» **DATA EXCERPTS**:
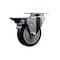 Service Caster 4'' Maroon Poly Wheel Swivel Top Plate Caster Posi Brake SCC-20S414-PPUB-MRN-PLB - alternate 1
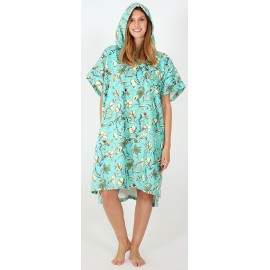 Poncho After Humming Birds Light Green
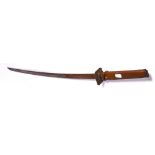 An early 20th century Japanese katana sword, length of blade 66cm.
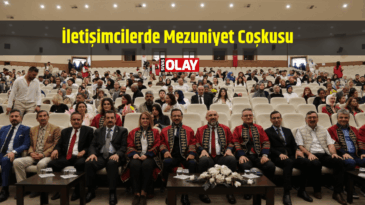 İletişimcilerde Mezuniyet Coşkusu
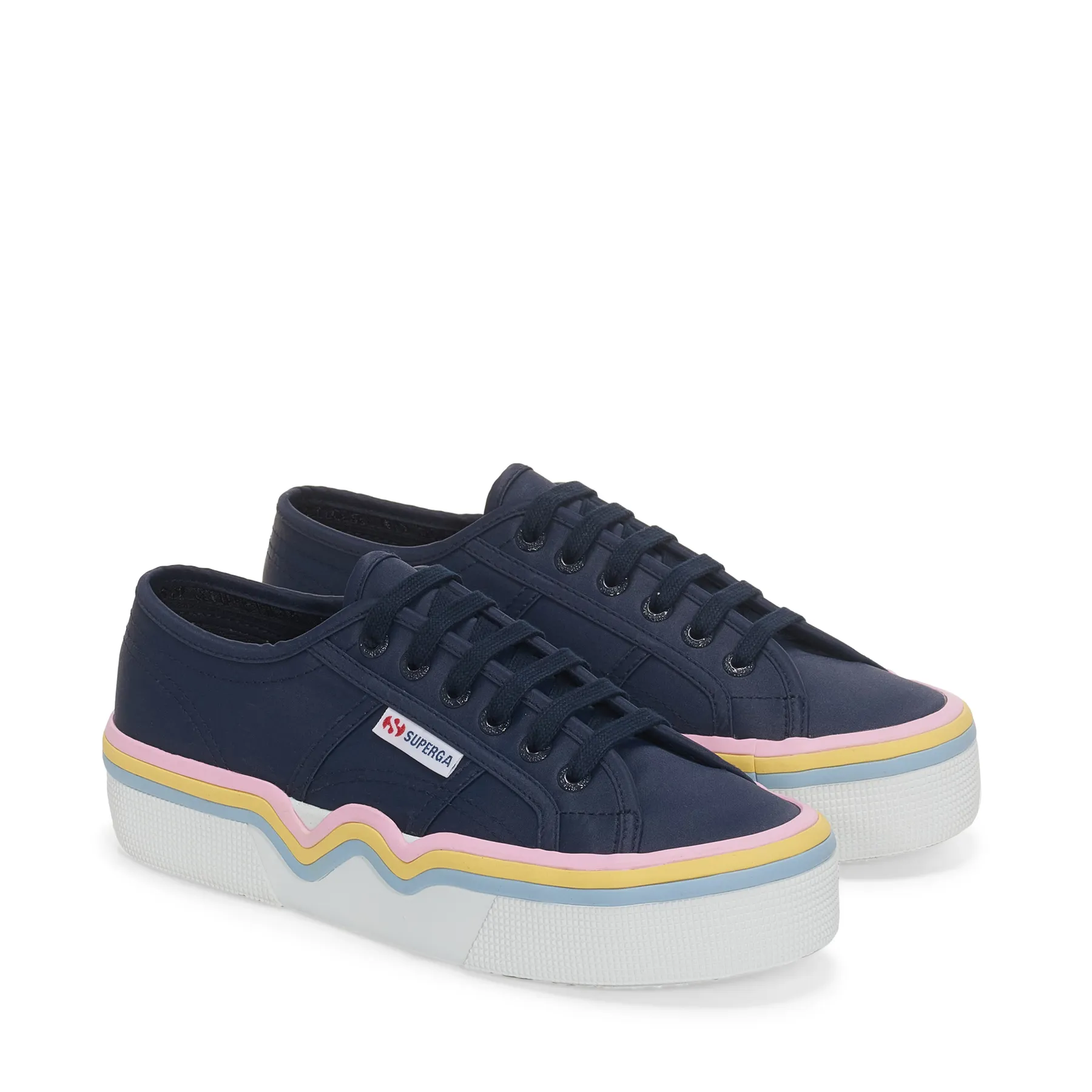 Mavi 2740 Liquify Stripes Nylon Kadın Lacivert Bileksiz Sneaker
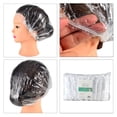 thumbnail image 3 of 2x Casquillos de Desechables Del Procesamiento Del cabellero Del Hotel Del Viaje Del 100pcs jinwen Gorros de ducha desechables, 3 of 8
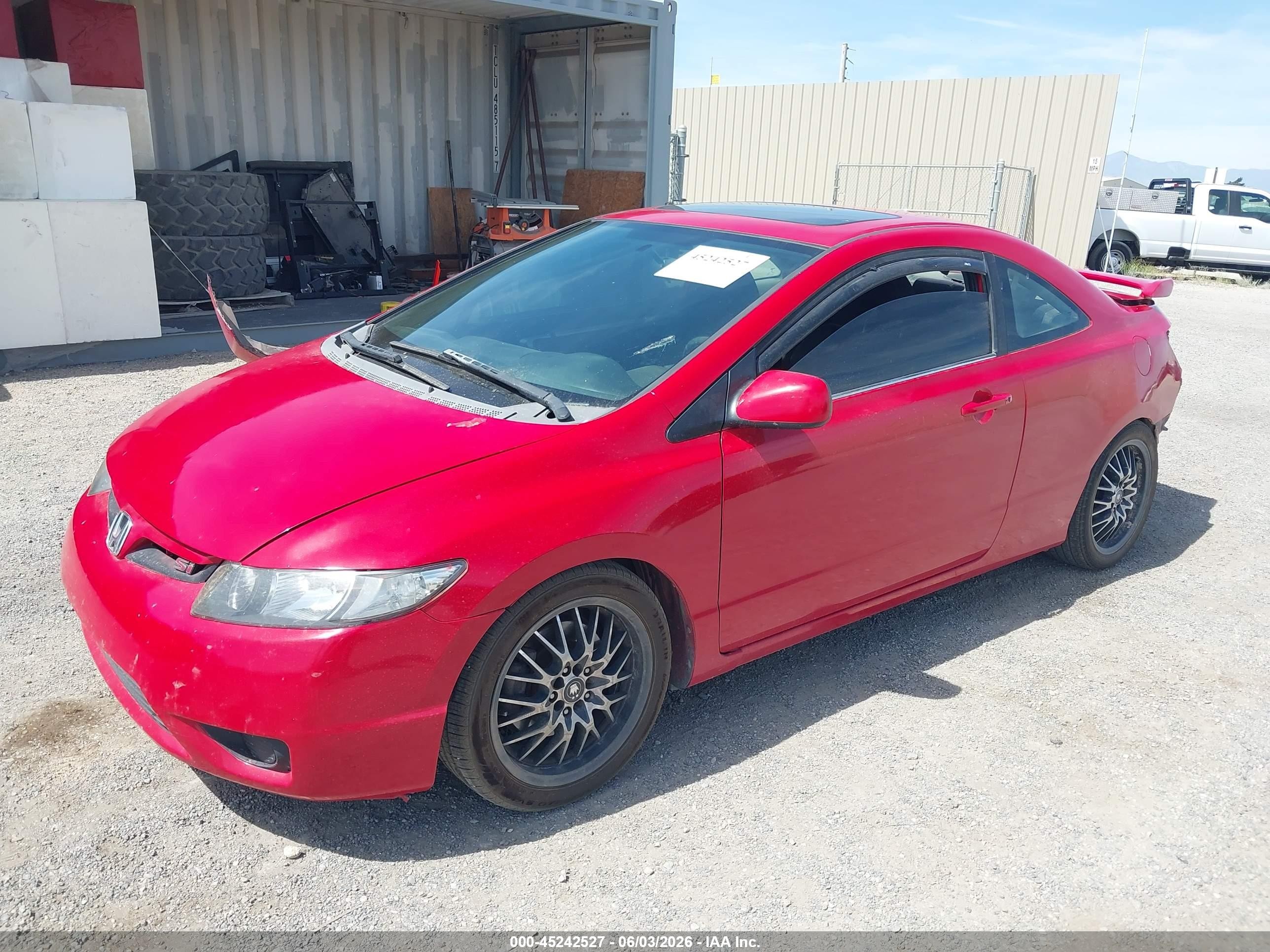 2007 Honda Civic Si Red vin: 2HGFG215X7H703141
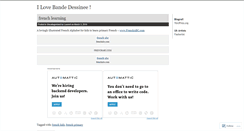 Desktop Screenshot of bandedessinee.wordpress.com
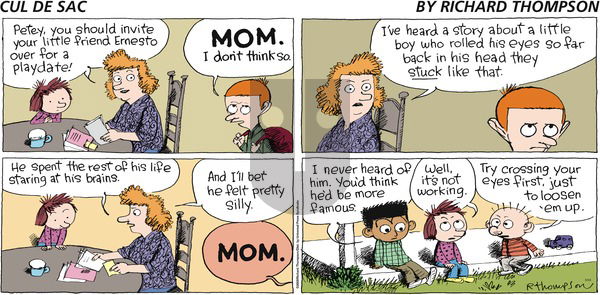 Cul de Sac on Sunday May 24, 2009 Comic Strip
--
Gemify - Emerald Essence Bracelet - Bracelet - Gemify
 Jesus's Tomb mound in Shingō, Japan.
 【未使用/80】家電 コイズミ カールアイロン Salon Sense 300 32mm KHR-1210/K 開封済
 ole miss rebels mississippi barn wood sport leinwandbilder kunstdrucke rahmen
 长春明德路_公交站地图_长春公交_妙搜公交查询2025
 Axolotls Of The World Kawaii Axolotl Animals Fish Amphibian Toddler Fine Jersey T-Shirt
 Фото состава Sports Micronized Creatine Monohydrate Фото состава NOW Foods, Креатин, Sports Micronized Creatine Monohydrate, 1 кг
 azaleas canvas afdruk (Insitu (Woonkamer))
* * *
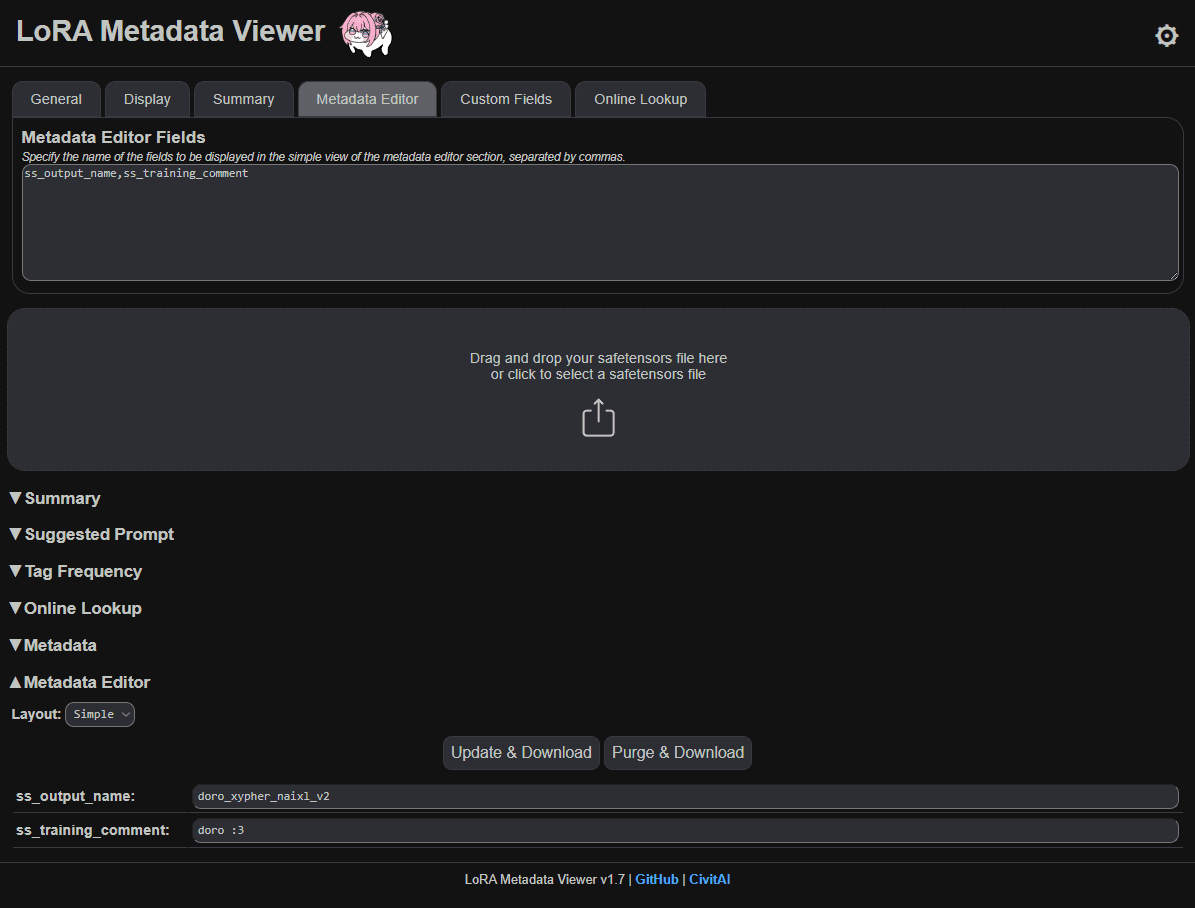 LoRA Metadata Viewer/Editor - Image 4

» **TASK BRIEF**: An exact copy of the lines above, from the one containing "Gemify - Emerald" down to the one containing "azaleas canvas afdruk (Insitu (Woonkamer))" and including both, is the whole answer; retype it and nothing else.

» **YOUR RESPONSE**:
Gemify - Emerald Essence Bracelet - Bracelet - Gemify
 Jesus's Tomb mound in Shingō, Japan.
 【未使用/80】家電 コイズミ カールアイロン Salon Sense 300 32mm KHR-1210/K 開封済
 ole miss rebels mississippi barn wood sport leinwandbilder kunstdrucke rahmen
 长春明德路_公交站地图_长春公交_妙搜公交查询2025
 Axolotls Of The World Kawaii Axolotl Animals Fish Amphibian Toddler Fine Jersey T-Shirt
 Фото состава Sports Micronized Creatine Monohydrate Фото состава NOW Foods, Креатин, Sports Micronized Creatine Monohydrate, 1 кг
 azaleas canvas afdruk (Insitu (Woonkamer))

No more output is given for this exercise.